_Source records_
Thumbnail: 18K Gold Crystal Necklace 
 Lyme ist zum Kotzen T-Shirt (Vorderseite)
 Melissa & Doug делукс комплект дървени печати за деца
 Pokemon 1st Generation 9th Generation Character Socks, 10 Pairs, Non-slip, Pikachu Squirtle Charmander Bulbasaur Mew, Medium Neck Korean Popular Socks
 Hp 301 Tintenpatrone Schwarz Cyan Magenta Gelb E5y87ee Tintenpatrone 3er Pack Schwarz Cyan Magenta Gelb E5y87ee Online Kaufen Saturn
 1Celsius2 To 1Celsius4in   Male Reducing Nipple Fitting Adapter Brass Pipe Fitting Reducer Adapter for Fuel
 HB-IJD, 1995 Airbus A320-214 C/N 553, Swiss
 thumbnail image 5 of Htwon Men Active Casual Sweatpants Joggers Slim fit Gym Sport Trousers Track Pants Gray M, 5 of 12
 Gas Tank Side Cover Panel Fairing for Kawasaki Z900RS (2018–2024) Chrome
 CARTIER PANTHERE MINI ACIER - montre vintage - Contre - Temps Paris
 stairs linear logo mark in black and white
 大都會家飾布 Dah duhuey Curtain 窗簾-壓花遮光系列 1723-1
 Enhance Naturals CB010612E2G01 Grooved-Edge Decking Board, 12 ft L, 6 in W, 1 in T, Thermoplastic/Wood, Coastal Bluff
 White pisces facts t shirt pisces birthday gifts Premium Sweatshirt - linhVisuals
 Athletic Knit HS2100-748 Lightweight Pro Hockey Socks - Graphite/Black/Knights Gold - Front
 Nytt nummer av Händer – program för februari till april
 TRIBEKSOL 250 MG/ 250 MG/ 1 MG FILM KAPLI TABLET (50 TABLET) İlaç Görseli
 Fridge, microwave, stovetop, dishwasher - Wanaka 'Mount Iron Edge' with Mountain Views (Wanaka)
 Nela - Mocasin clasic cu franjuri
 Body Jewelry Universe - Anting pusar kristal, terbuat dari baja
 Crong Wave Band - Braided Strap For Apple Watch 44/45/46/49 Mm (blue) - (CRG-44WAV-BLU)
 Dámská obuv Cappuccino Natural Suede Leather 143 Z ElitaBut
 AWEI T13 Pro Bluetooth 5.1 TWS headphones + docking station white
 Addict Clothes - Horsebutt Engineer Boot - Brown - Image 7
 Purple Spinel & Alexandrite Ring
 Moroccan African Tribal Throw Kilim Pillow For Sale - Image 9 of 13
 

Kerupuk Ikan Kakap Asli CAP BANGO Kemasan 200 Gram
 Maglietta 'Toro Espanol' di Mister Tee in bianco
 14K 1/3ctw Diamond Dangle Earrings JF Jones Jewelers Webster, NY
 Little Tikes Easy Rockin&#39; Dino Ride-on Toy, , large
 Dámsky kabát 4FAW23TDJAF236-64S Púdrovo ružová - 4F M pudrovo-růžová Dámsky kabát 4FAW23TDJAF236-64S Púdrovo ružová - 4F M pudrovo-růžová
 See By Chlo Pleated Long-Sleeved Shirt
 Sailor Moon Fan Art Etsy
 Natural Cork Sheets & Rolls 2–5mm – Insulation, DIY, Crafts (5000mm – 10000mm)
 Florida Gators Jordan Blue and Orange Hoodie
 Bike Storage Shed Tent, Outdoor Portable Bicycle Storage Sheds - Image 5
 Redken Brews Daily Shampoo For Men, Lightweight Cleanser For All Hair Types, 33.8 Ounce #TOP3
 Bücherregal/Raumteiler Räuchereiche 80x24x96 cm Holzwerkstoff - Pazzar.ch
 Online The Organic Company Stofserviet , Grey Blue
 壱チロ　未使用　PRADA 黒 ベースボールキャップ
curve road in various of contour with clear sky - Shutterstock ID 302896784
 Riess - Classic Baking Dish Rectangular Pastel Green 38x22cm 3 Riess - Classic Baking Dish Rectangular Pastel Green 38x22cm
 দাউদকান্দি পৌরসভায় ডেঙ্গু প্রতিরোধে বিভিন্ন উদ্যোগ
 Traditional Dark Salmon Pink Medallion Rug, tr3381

_WHAT IS NEEDED_
From the data above, output only the lines between the line containing "M pudrovo-růžová Dámsky" and the line containing "Sailor Moon Fan Art Etsy", inclusive, exactly as written.

_ANSWER AREA_
 Dámsky kabát 4FAW23TDJAF236-64S Púdrovo ružová - 4F M pudrovo-růžová Dámsky kabát 4FAW23TDJAF236-64S Púdrovo ružová - 4F M pudrovo-růžová
 See By Chlo Pleated Long-Sleeved Shirt
 Sailor Moon Fan Art Etsy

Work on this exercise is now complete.